::: Data extract :::

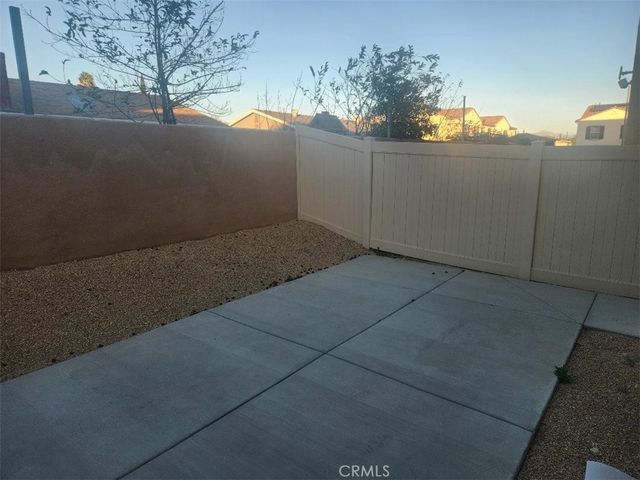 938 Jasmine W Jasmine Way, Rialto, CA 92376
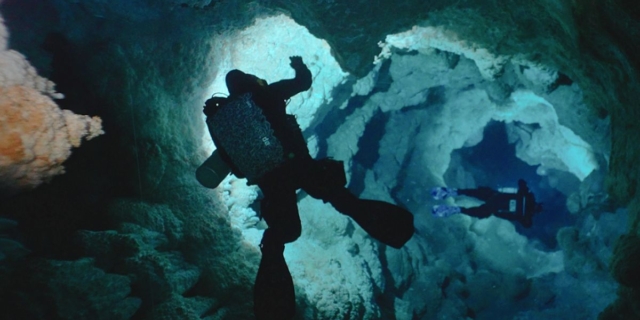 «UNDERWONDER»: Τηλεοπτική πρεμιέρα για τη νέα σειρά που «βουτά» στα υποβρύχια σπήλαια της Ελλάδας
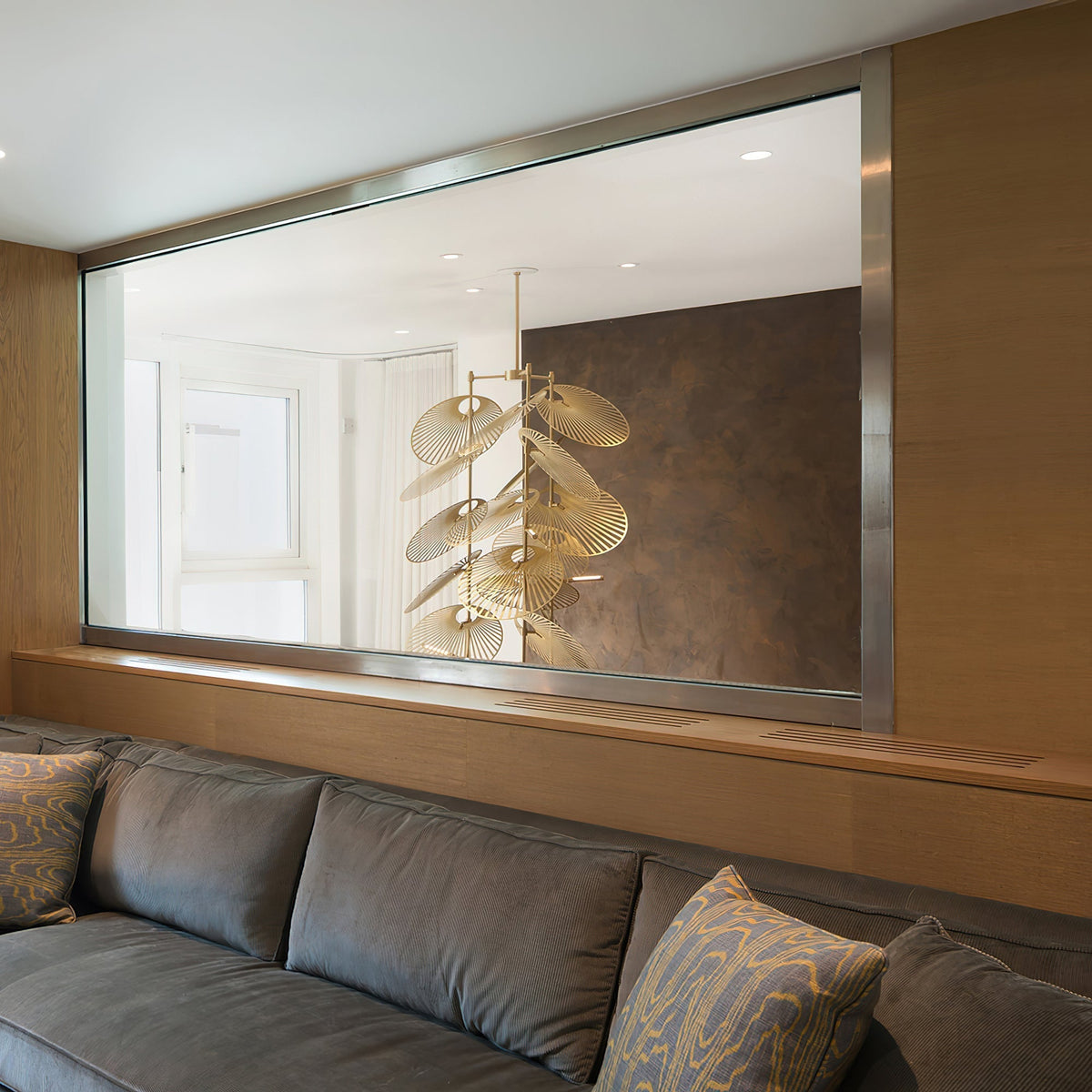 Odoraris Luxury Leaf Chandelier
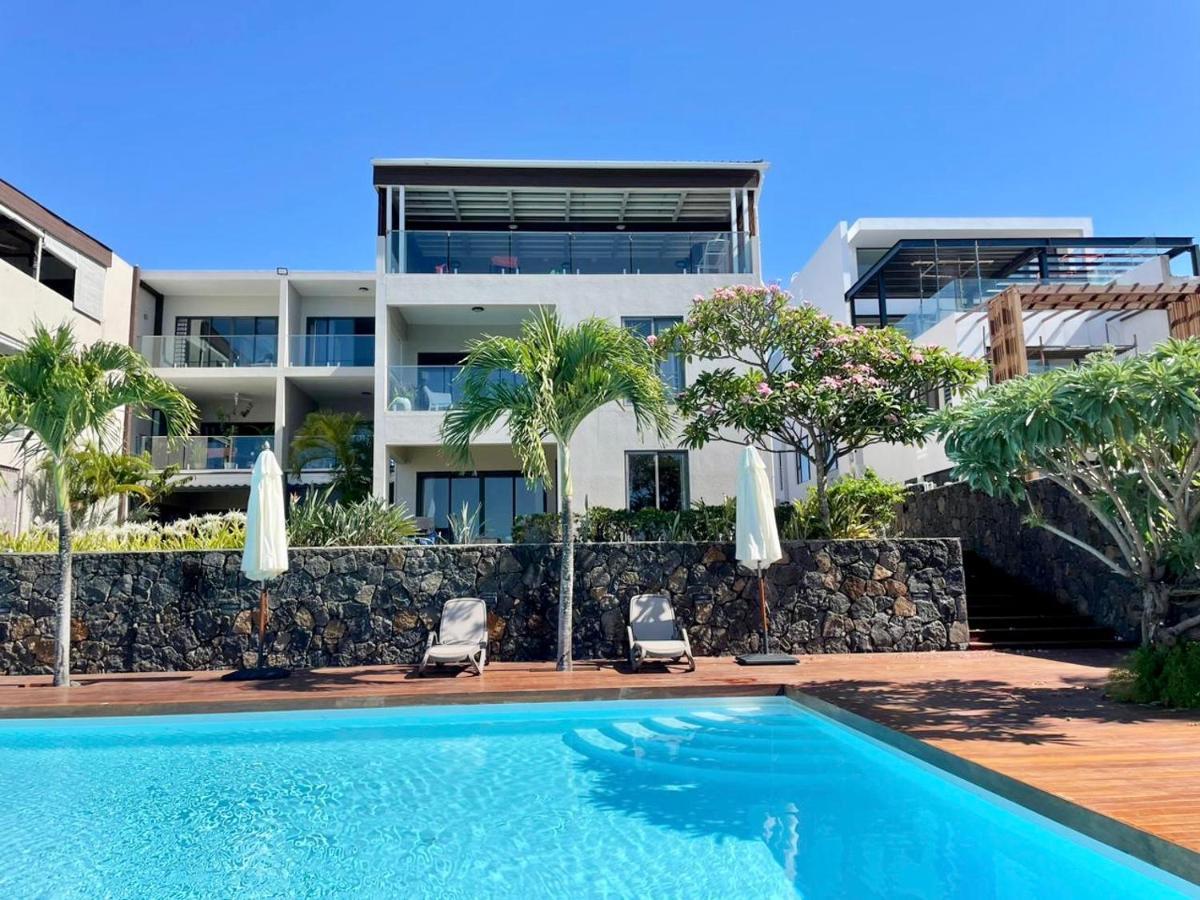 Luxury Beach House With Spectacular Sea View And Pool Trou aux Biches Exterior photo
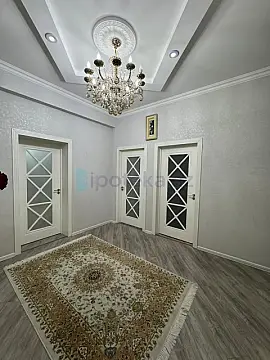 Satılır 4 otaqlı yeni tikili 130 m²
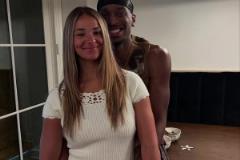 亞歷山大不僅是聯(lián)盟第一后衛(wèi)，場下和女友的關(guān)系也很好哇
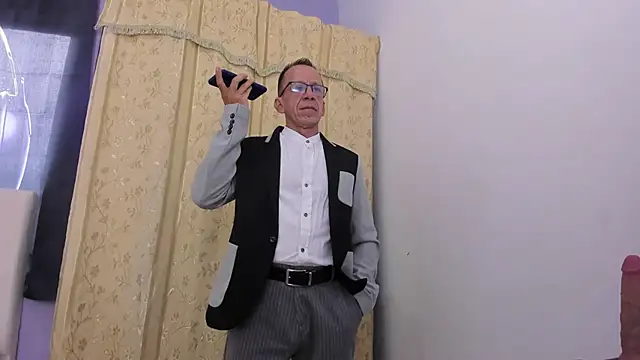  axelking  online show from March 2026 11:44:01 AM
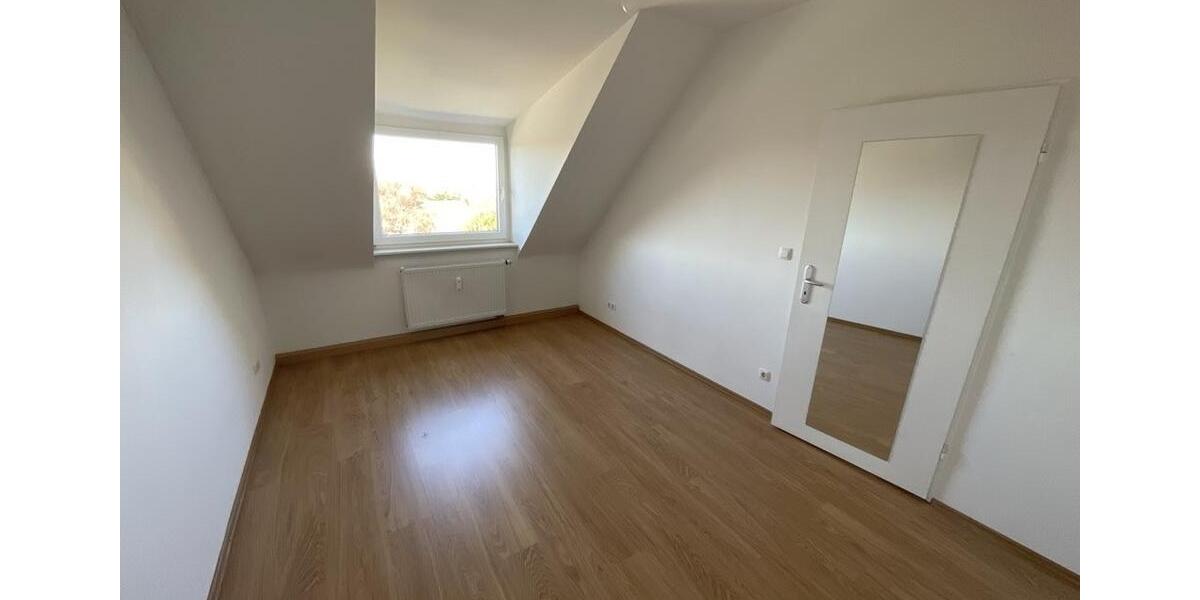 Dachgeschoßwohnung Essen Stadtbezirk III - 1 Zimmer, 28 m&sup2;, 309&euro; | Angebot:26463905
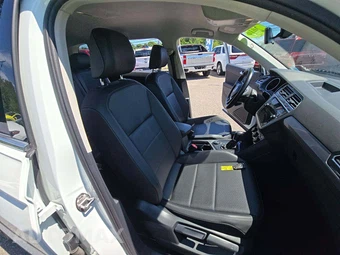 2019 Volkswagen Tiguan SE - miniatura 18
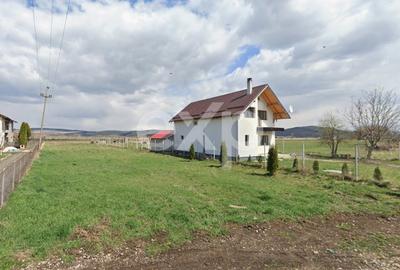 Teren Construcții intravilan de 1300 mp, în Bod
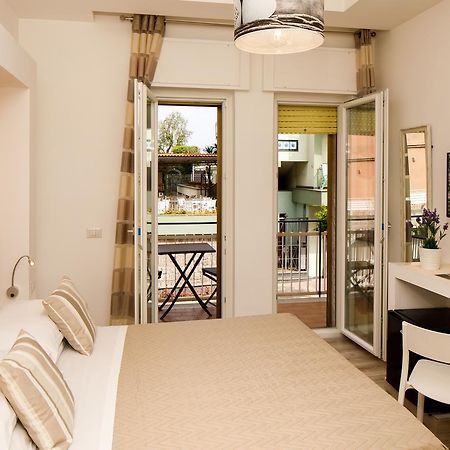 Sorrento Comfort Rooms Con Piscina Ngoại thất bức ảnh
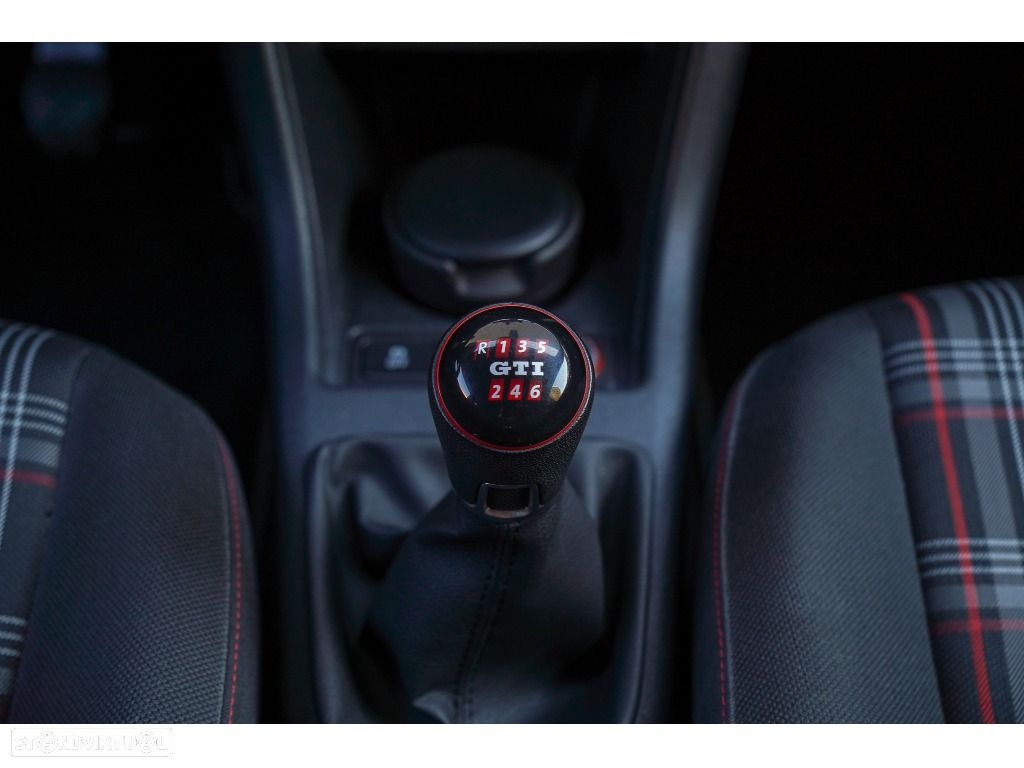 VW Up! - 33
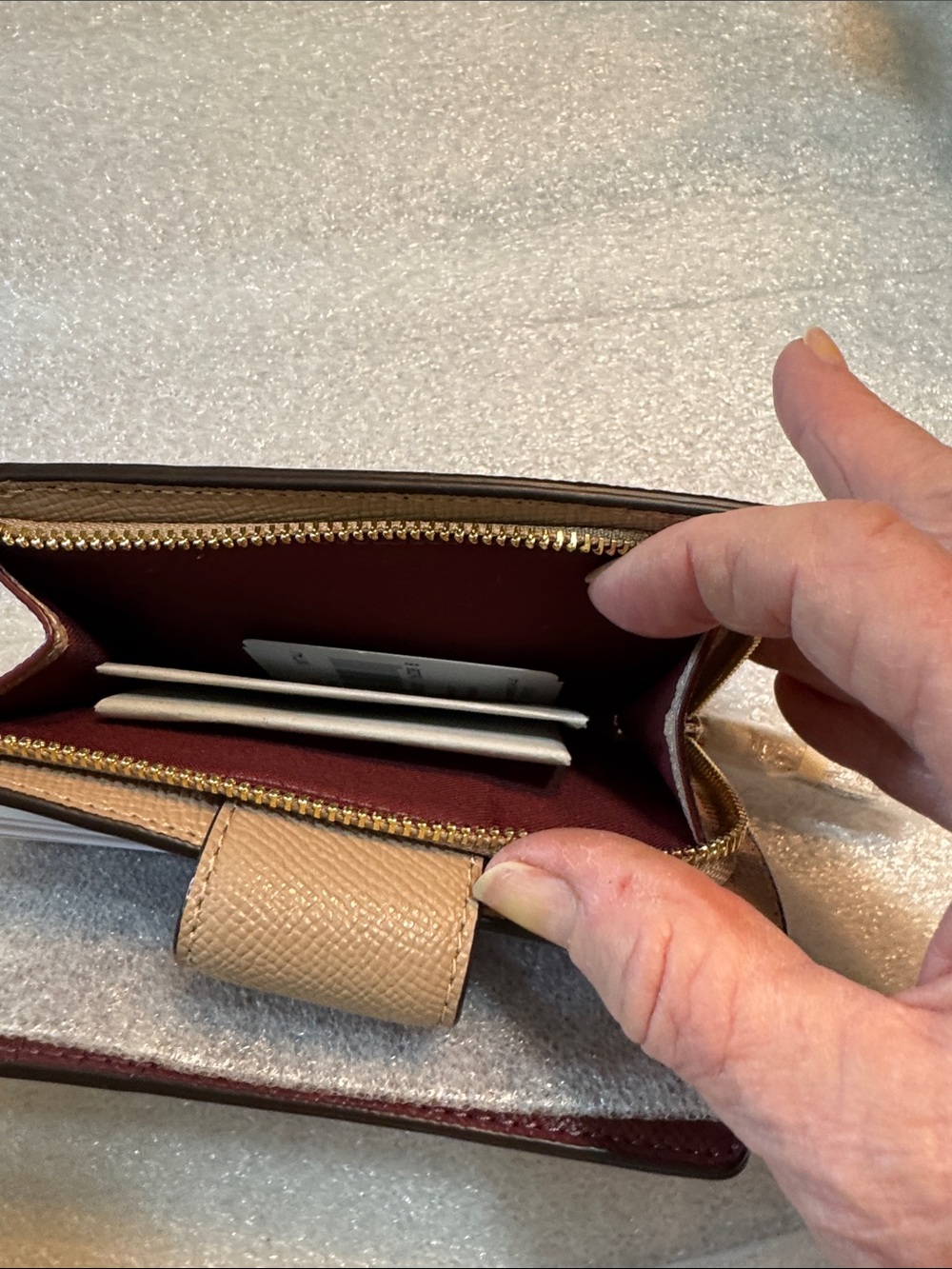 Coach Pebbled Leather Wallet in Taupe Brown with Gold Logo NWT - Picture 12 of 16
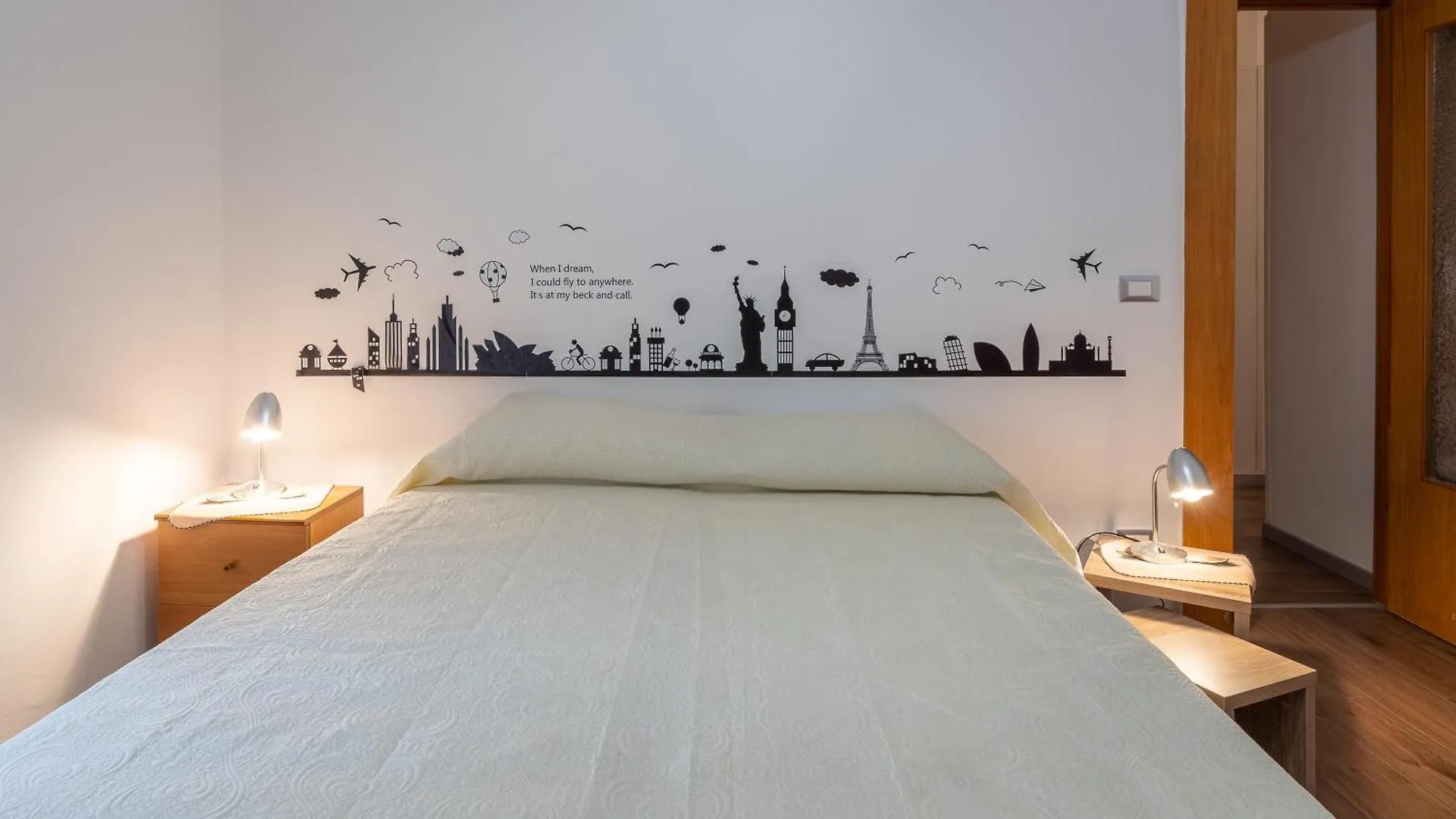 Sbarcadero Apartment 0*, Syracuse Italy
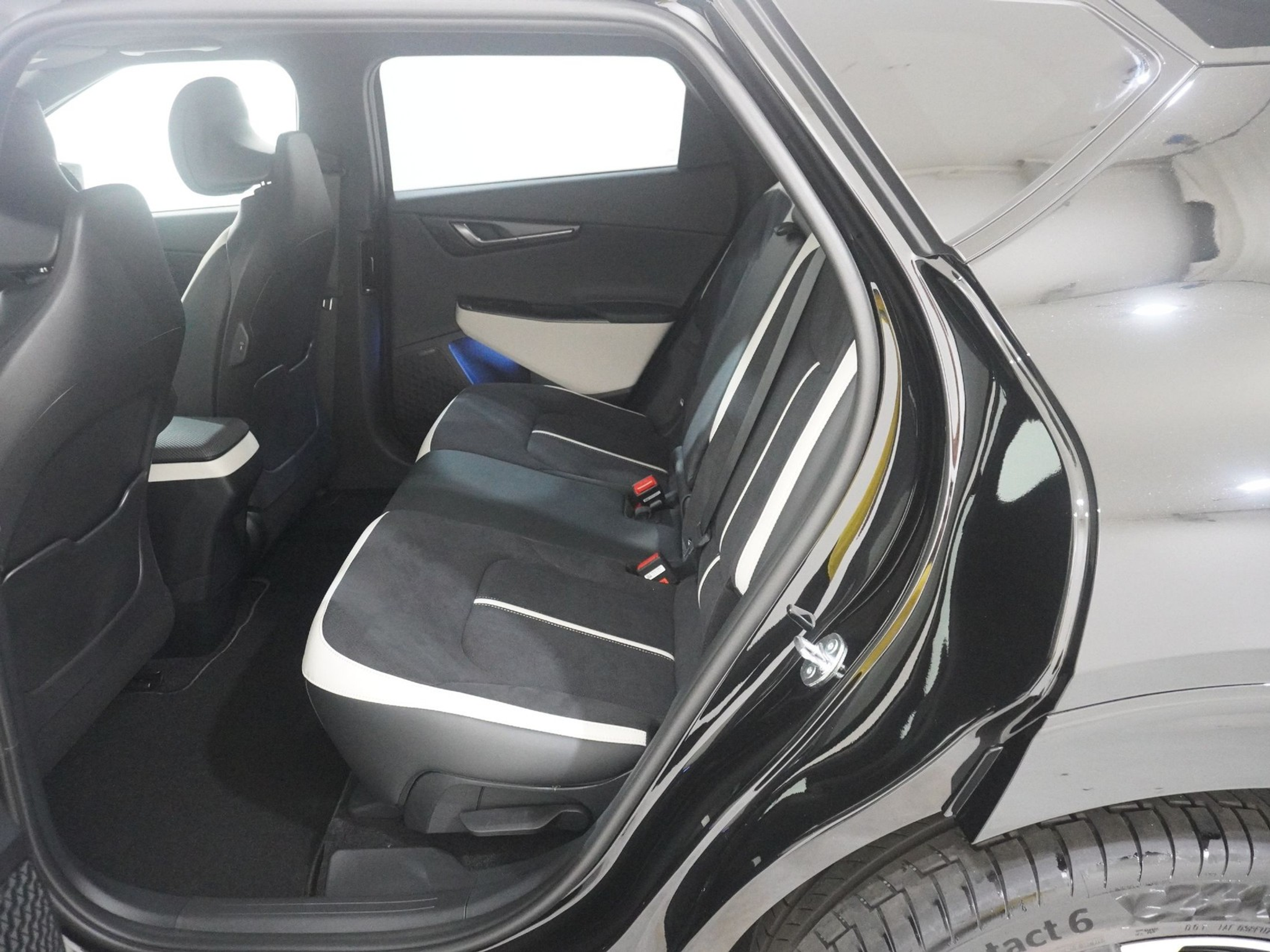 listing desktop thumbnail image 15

:::

Task requirements — Repeat exactly the lines above, starting at the one that contains "Odoraris Luxury Leaf Chandelier" and stopping at the last line of the entries, and leave out the pictures.

Expected answer —
 Odoraris Luxury Leaf Chandelier
 Luxury Beach House With Spectacular Sea View And Pool Trou aux Biches Exterior photo
 Satılır 4 otaqlı yeni tikili 130 m²
 亞歷山大不僅是聯(lián)盟第一后衛(wèi)，場下和女友的關(guān)系也很好哇
  axelking  online show from March 2026 11:44:01 AM
 Dachgeschoßwohnung Essen Stadtbezirk III - 1 Zimmer, 28 m&sup2;, 309&euro; | Angebot:26463905
 2019 Volkswagen Tiguan SE - miniatura 18
 Teren Construcții intravilan de 1300 mp, în Bod
 Sorrento Comfort Rooms Con Piscina Ngoại thất bức ảnh
 VW Up! - 33
 Coach Pebbled Leather Wallet in Taupe Brown with Gold Logo NWT - Picture 12 of 16
 Sbarcadero Apartment 0*, Syracuse Italy
 listing desktop thumbnail image 15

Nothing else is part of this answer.